Film
Anaïs In Love, out Friday
Shot in Paris, Nantes and (mostly) Normandy, Charline Bourgeois-Tacquet’s film has been billed variously as a quirky sex comedy, a fizzy tale of millennials and a neat French twist on Joachim Trier’s Cannes award-winning rom-com The Worst Person In The World. Or, in the words of US film critic David Ehrlich, “a deliberate effort to wrench a proud Gallic tradition – manically effervescent movies about motor-mouthed young neurotics ¬– away from the foreign cineastes who’ve co-opted it for the 21st century, and return it to home soil where it might reconnect with its roots.” The plot: 30-year-old Anaïs (Anaïs Demoustier) splits up with one man, falls for another – and then falls for his girlfriend too. Ooh la la.
Book
Vivian Maier, out now (Thames & Hudson, £45)

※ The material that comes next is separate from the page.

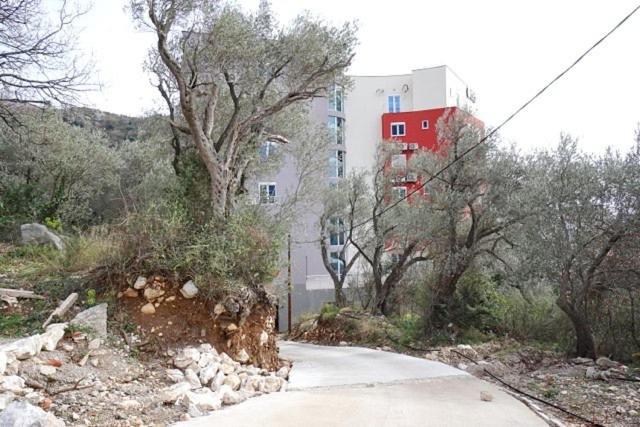 Anja Apartment Rafajlovići Exteriör bild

A nanny in New York and Chicago for much of her working life, Vivian Maier was also a keen amateur photographer and could often be found taking pictures with her trusty Rolleiflex camera on city streets and in city parks as she looked after her young charges. In 2007, two years before her death aged 83, the contents of a storage space she rented were auctioned when she failed to keep up payments. In it were boxes of photographs and many rolls of negatives which had never even been developed. They were bought by a collector who could learn nothing about her until he saw her death notice in a Chicago newspaper. But posthumous fame awaited Maier when her images were published online and an Oscar-nominated 2013 documentary brought her and her work to even wider attention. In this career retrospective, authors Anne Morin, Christa Blumlinger and Ann Marks sort through their subject’s 150,000 images and pull out the best, sorting them thematically.

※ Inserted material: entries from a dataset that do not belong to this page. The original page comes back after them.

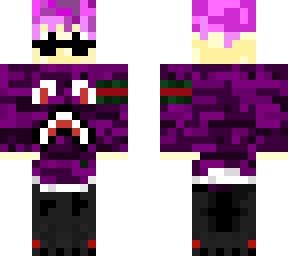 my skin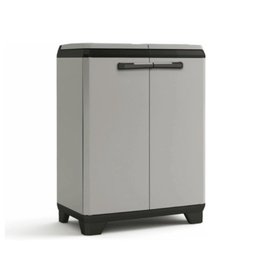 Armário Lixeira Seletiva Plit Premium Keter - 1
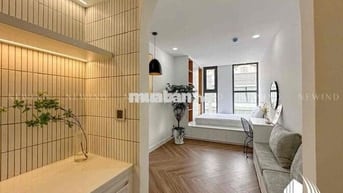 🎉CHO THUÊ CĂN STUDIO CỬA SỔ TRỜI SIÊU TO - SANG XỊN MỊN - GẦN ĐH VHU🥳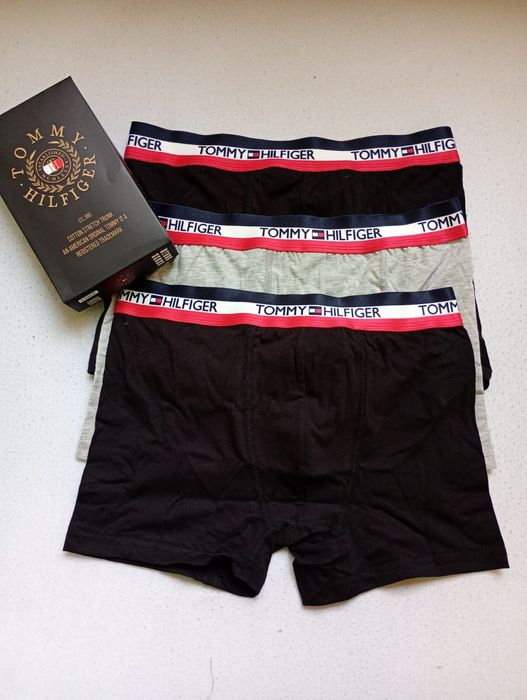 Мъжки боксерки м,л,хл,ххл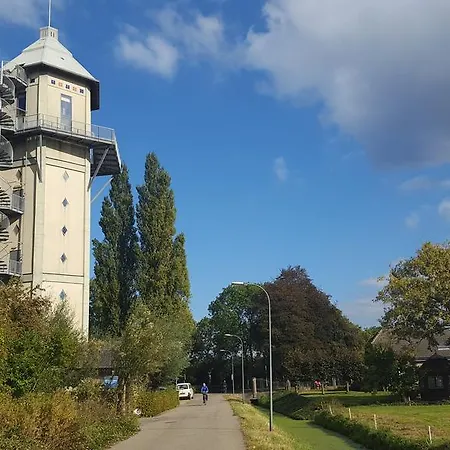 Hotel de Watertoren-2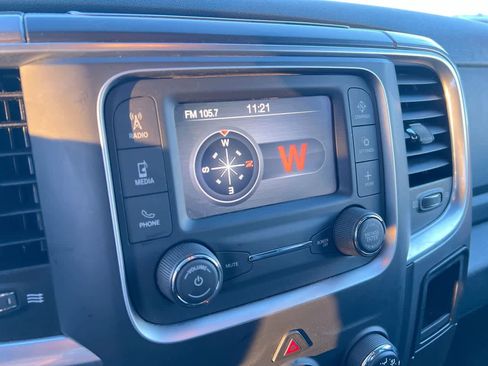 Used 2024 RAM 1500 Classic Warlock image 18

A typical street photograph by Vivian Maier, shot in Chicago in 1968
Opera
Candide, Scottish Opera Production Studios, 40 Edington Street, Glasgow, August 13, 14, 16, 18 & 20
Part of the Live At No 40 series of outdoor shows, now in its third year and fast becoming an established favourite, Scottish Opera mount this production of Leonard Bernstein’s satirical opera in a large tent between its studios and New Rotterdam Wharf. William Morgan is Candide, Paula Sides his paramour Cunegonde and Ronald Samm is Dr Pangloss. The large-scale production also includes an 80 strong community choir.
Gig
Simple Minds, Princes Street Garden, Edinburgh, today
Appearing as part of the Edinburgh Summer Sessions series at Princes Street Garden’s Ross Bandstand, the 1980s pop-rock behemoths celebrate 40 years since the release of their iconic 1982 album New Gold Dream by performing the thing in full. Promised You A Miracle, Glittering Prize, Someone Somewhere In Summertime – they’re all there. Now down to a core unit of founder members Jim Kerr and Charlie Burchill, they’ll surely dip into the back catalogue as well. Who knows, maybe even Chelsea Girl will be given an airing. Support comes from local boy Hamish Hawk and all profit from tonight’s concert goes to the UNICEF For Children In Ukraine appeal.
Last chance ...
Pittenweem Arts Festival, ends today, Pittenweem, Fife
Running across five galleries in the East Neuk fishing village as well as in private homes, this year marks the festival’s 40th anniversary and features work by 100 or so artists alongside a programme of invited artists. This year they are Shetland-based painter Janette Kerr, fresh from a residency in Greenland, furniture maker extraordinaire Angus Ross, and members of the Fife Dunfermline Printmakers Workshop.